** Task directions **
In the entries below, begin at the line with "empty room featuring" and stop after the line with "Bicicletta mountain bike"; output those lines exactly and omit the pictures.

** Records shown **
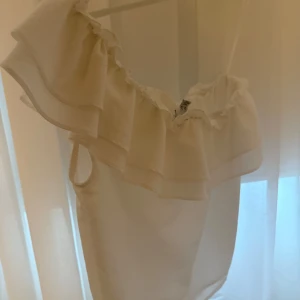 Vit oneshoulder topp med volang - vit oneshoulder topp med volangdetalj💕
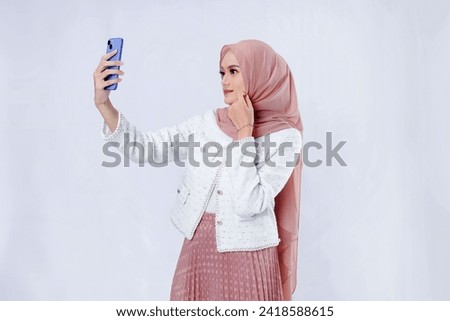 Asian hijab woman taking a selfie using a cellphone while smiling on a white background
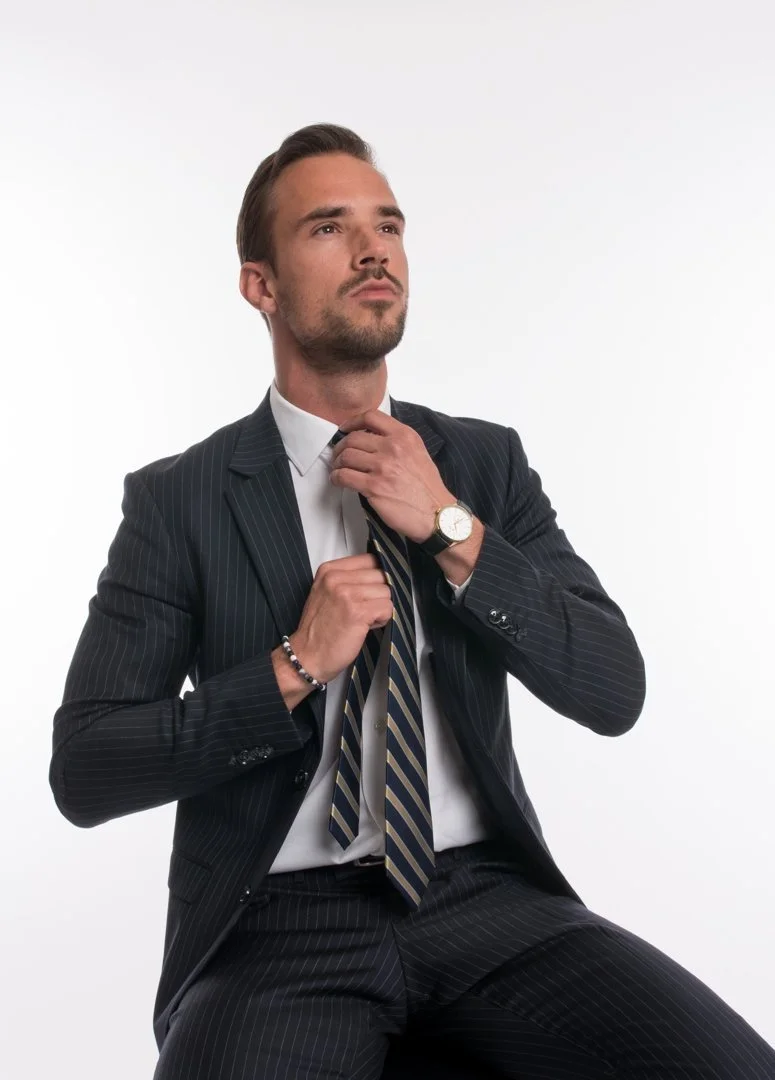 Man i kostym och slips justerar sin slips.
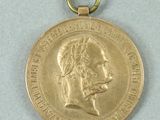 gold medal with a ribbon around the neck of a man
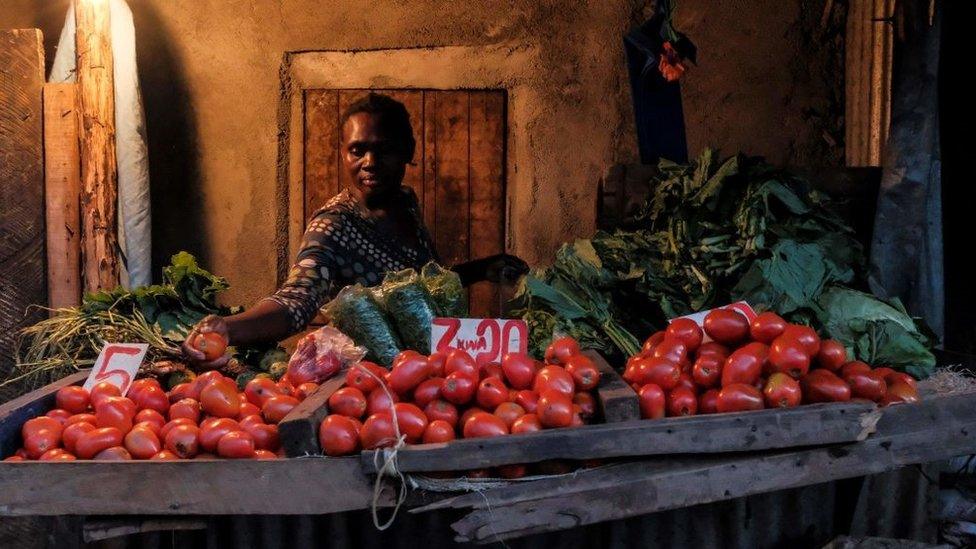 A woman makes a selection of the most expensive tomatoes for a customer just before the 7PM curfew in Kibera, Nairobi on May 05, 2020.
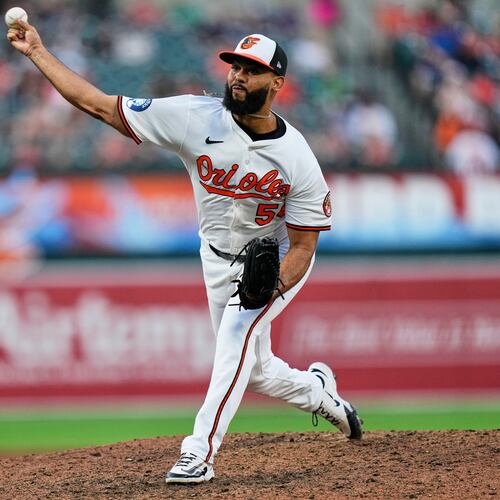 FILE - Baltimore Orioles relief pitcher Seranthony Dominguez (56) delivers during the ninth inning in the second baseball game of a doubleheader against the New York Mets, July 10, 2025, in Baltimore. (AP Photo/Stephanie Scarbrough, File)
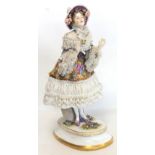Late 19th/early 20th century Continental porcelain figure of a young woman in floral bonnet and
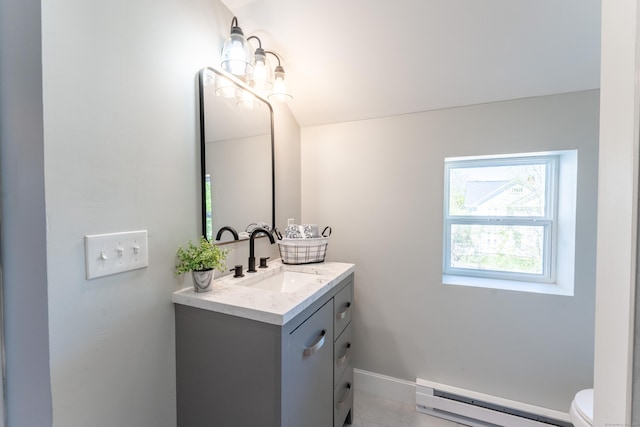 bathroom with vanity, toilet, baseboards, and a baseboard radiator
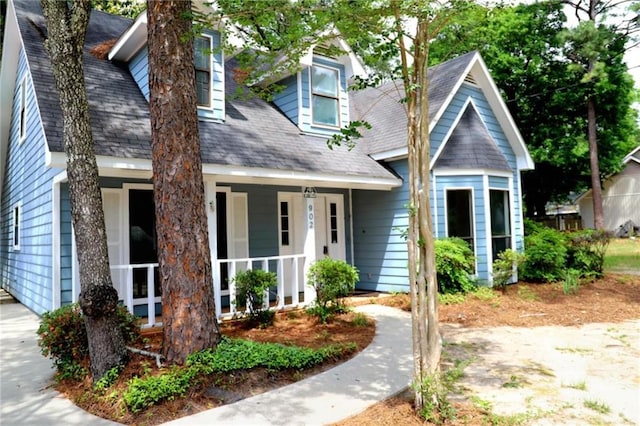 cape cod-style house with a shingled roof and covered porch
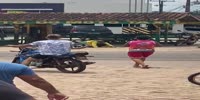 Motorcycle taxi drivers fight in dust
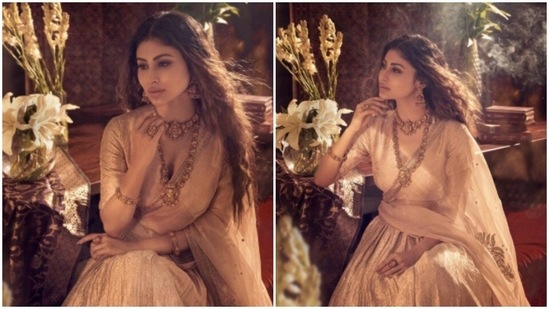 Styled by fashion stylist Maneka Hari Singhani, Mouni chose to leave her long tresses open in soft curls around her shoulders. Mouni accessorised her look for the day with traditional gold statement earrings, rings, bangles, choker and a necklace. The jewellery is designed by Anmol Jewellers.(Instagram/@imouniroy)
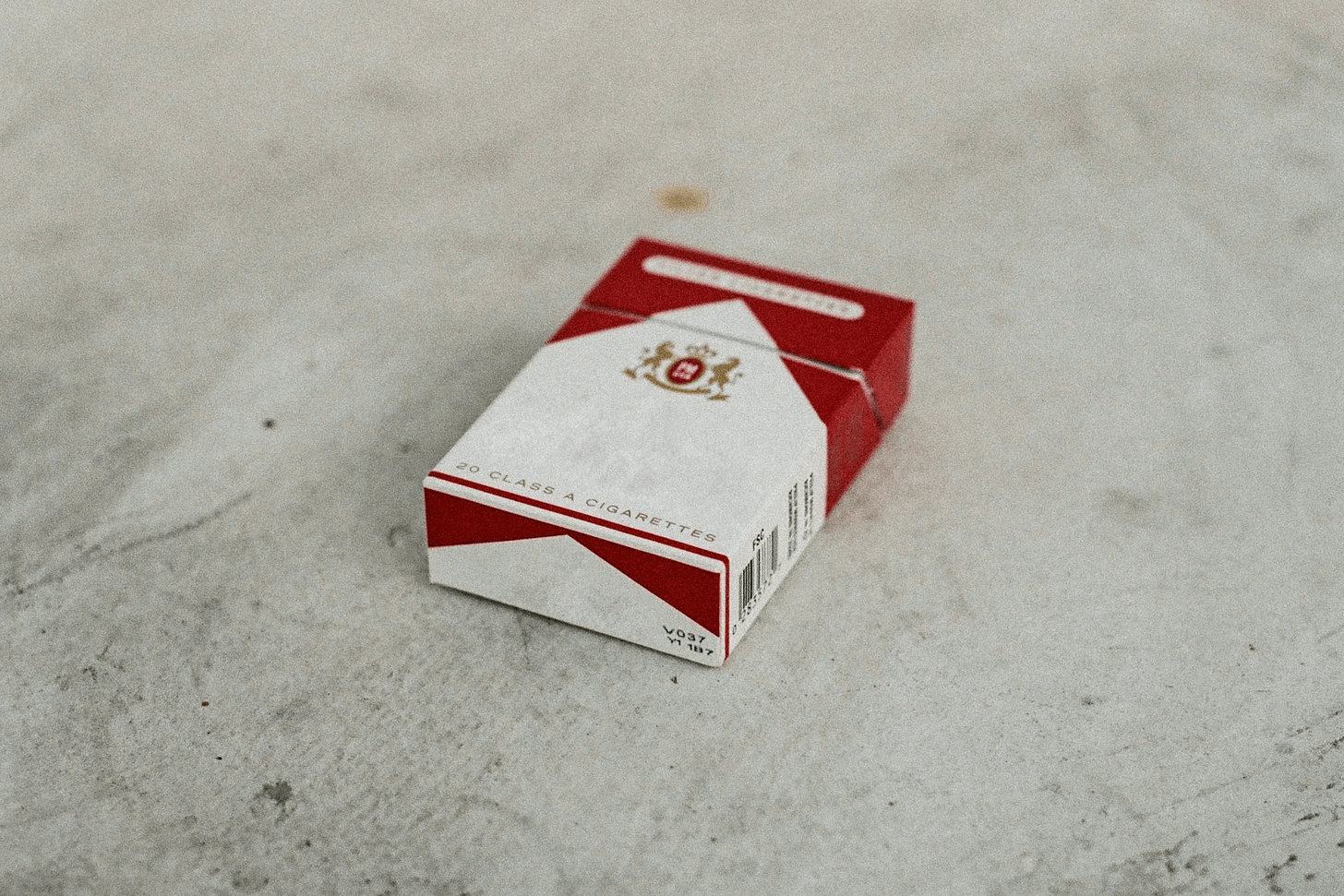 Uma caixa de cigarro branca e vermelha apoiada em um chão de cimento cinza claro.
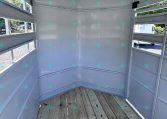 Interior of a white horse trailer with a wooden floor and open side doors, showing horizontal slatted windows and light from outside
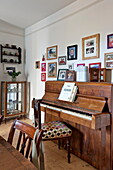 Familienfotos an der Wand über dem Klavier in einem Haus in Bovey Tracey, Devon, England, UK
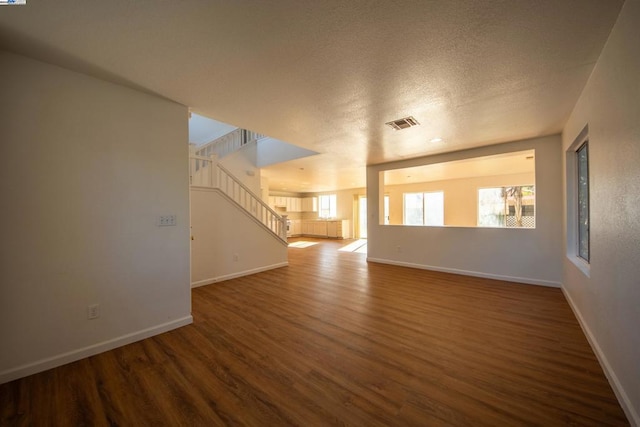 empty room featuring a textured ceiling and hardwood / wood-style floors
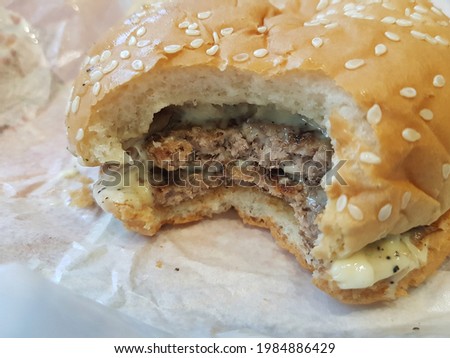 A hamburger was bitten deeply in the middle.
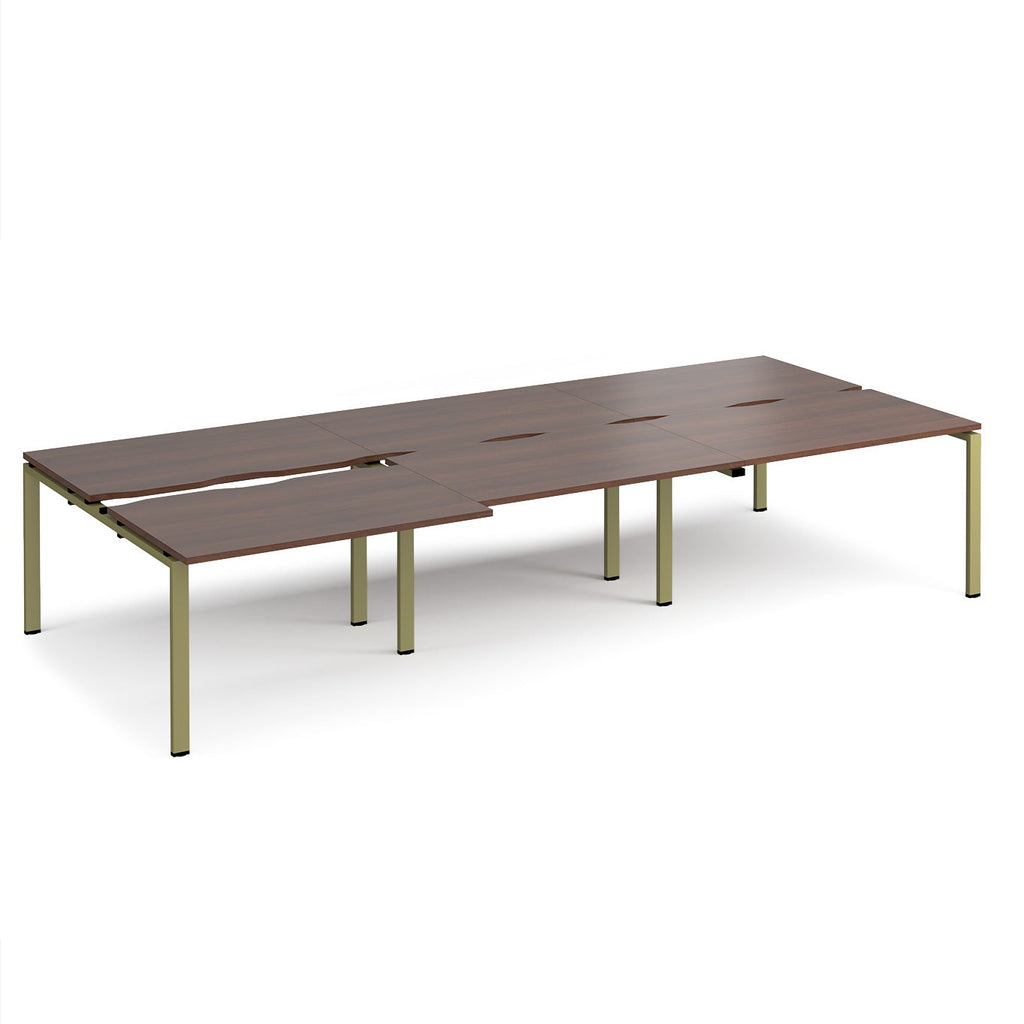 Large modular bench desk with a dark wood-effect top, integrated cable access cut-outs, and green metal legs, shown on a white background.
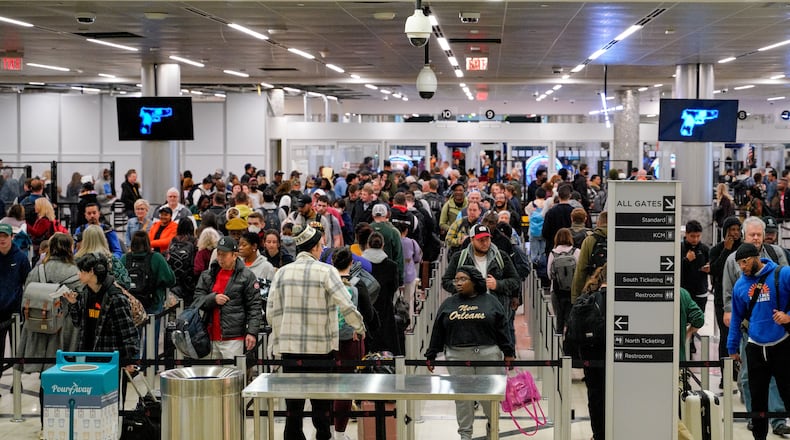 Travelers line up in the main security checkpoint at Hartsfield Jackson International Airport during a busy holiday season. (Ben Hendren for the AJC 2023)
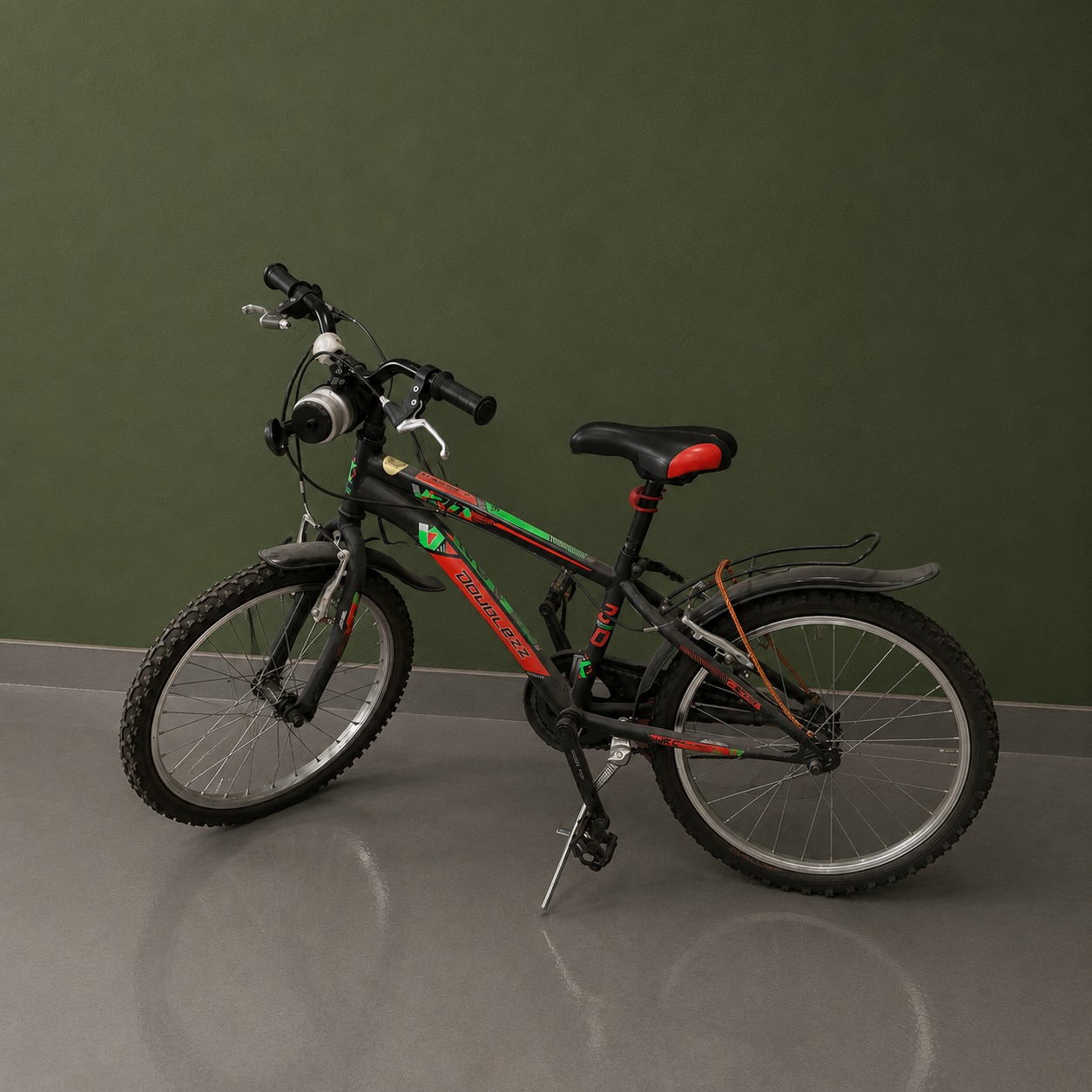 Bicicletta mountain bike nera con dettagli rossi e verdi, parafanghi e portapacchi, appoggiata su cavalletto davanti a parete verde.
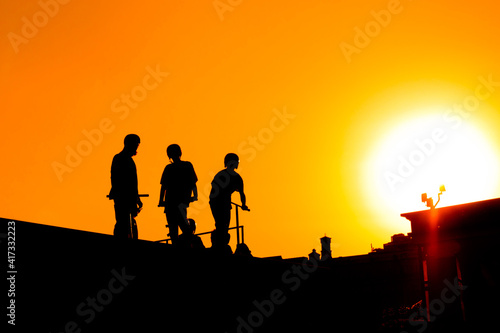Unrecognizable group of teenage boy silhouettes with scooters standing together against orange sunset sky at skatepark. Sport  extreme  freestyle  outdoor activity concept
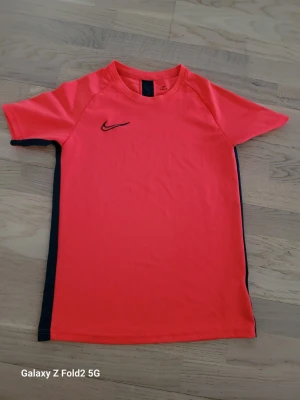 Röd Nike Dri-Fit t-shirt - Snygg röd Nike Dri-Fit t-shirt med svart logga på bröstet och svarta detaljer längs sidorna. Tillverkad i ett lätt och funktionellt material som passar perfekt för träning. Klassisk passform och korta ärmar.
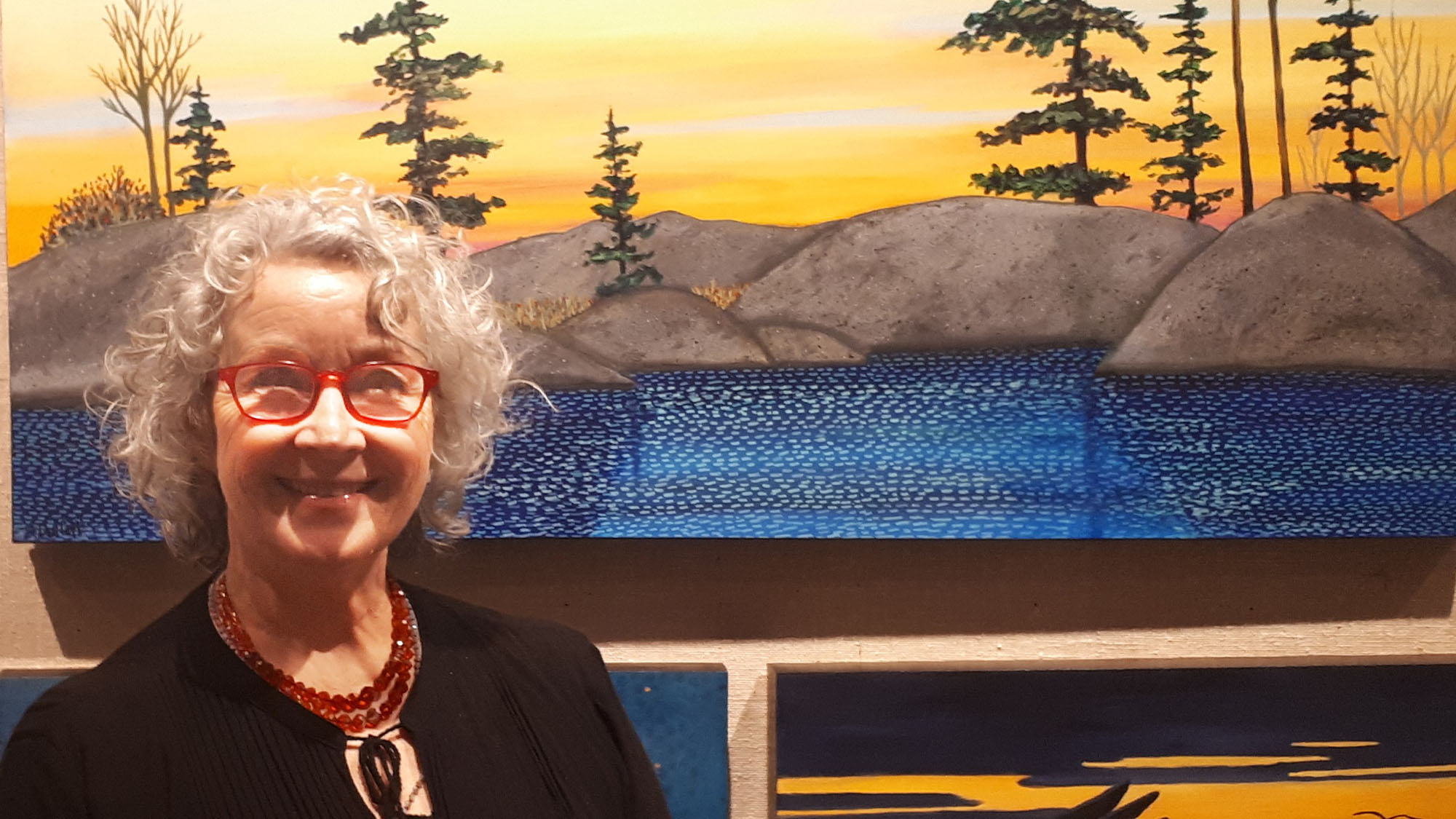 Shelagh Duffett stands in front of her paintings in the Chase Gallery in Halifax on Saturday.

** Written solution **
 empty room featuring a textured ceiling and hardwood / wood-style floors
 A hamburger was bitten deeply in the middle.
 Large modular bench desk with a dark wood-effect top, integrated cable access cut-outs, and green metal legs, shown on a white background.
 Travelers line up in the main security checkpoint at Hartsfield Jackson International Airport during a busy holiday season. (Ben Hendren for the AJC 2023)
 Bicicletta mountain bike nera con dettagli rossi e verdi, parafanghi e portapacchi, appoggiata su cavalletto davanti a parete verde.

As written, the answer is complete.